Num nível mais usual, é comum principiantes em computação fazerem longos cálculos que poderiam ser feitos à mão numa escala menor. Pode-se produzir uma lista com os primeiros números primos apenas para verificar, posteriormente, que não era exatamente isso que se queria. Descobre-se com esta experiência que o que realmente se pretende não é um conjunto de "respostas" - mas sim compreensão.
Pode parecer quase circular dizer que o que os matemáticos realizam é o avanço da compreensão humana da matemática. Não tentarei resolver isso discutindo o que é a matemática, pois isso nos levaria longe demais. Os matemáticos geralmente sentem que sabem o que é a matemática, mas têm dificuldade em apresentar uma boa definição direta. É interessante tentar. Para mim, "a teoria dos modelos formais" é a que mais se aproxima, mas sua discussão nos levaria a um novo ensaio.
Poderia a dificuldade de se dar uma definição direta de matemática ser algo intrínseco, indicando que a matemática possui uma qualidade recursiva que lhe é essencial? Nessa direção poderíamos dizer que a matemática é a menor área de conhecimento que satisfaz às seguintes condições:
A matemática é o que inclui os números naturais e as geometrias plana e espacial.
A matemática é o que os matemáticos estudam.
Matemáticos são pessoas que aumentam a compreensão humana da matemática.
Em outras palavras, à medida que a matemática avança, nós a incorporamos ao nosso pensamento. À medida que este se torna mais sofisticado, geramos novos conceitos e estruturas matemáticas: os assuntos da matemática mudam para refletir a maneira como pensamos.
Se o que estamos fazendo é construir melhores maneiras de pensar, então os aspectos psicológicos e social são essenciais para um bom modelo do progresso da matemática. Estas dimensões estão ausentes da visão popular. A visão popular assegura, caricatamente, que
D. Os matemáticos partem de umas poucas estruturas matemáticas e de um conjunto de axiomas "dados" sobre estas estruturas, que
T. existem várias questões importantes a serem resolvidas sobre estas estruturas que podem ser enunciadas como proposições matemáticas formais, e
P.o objetivo do matemático é encontrar a partir dos axiomas um caminho dedutivo para as proposições ou para a negação delas.
Podemos chamar isso de modelo Definição - Teorema - Prova (DTP) da matemática.
Uma dificuldade óbvia do modelo DTP é que ele não esclarece a origem das questões. Jaffe e Quinn discutem a especulação (que rotulam inadequadamente de "matemática teórica" como um ingrediente adicional importante.

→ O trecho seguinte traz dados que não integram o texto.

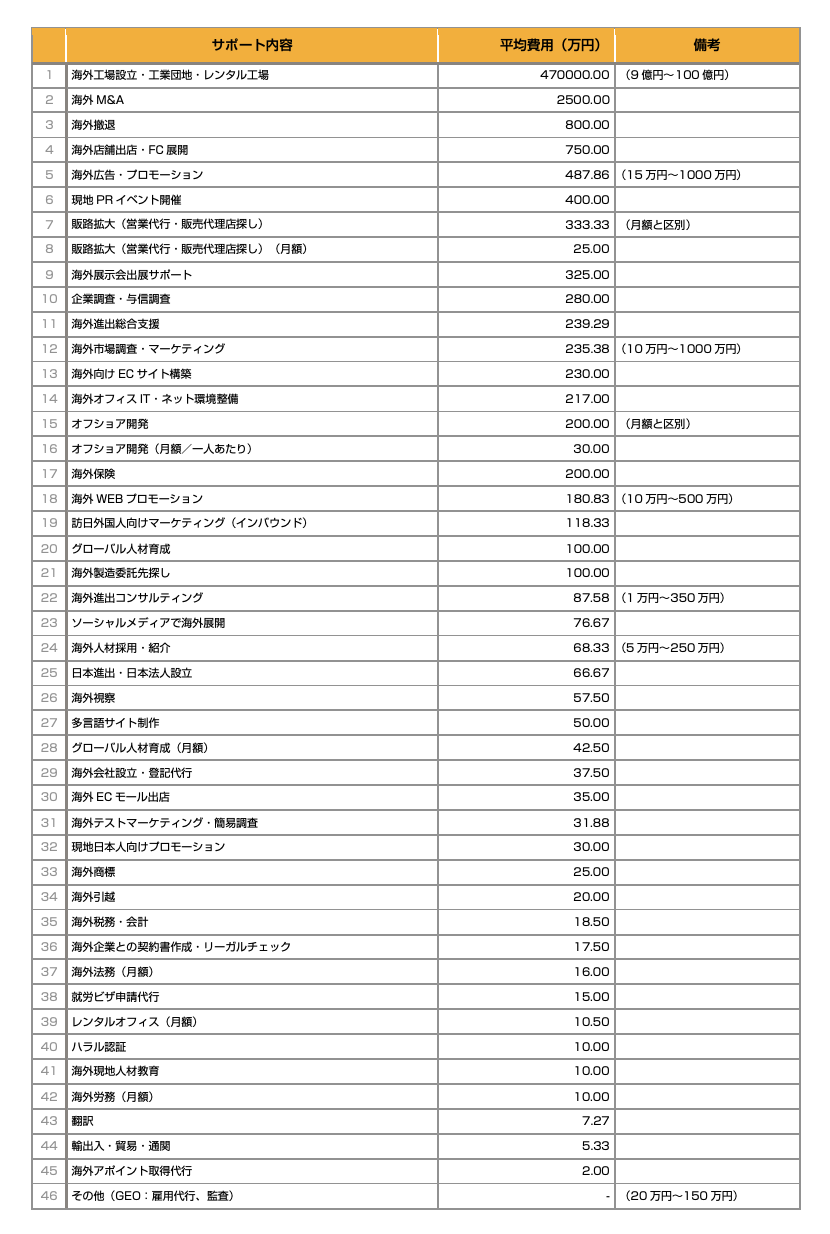 案件の傾向分析、ジャンルごとの平均受注金額など ｜ 専門家／支援企業向け ユーザーズガイド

Especulação consiste em fazer conjecturas, propor problemas e dar palpites inteligentes e argumentos heurísticos sobre o que provavelmente é verdadeiro.
O modelo Dept de Jaffe e Quinn também deixa de lado algumas questões básicas. Não estamos tentando satisfazer alguma cota abstrata de produção de definições, teoremas e provas. A medida do nosso sucesso é se o que fazemos possibilita as pessoas compreender mais clara e efetivamente sobre matemática.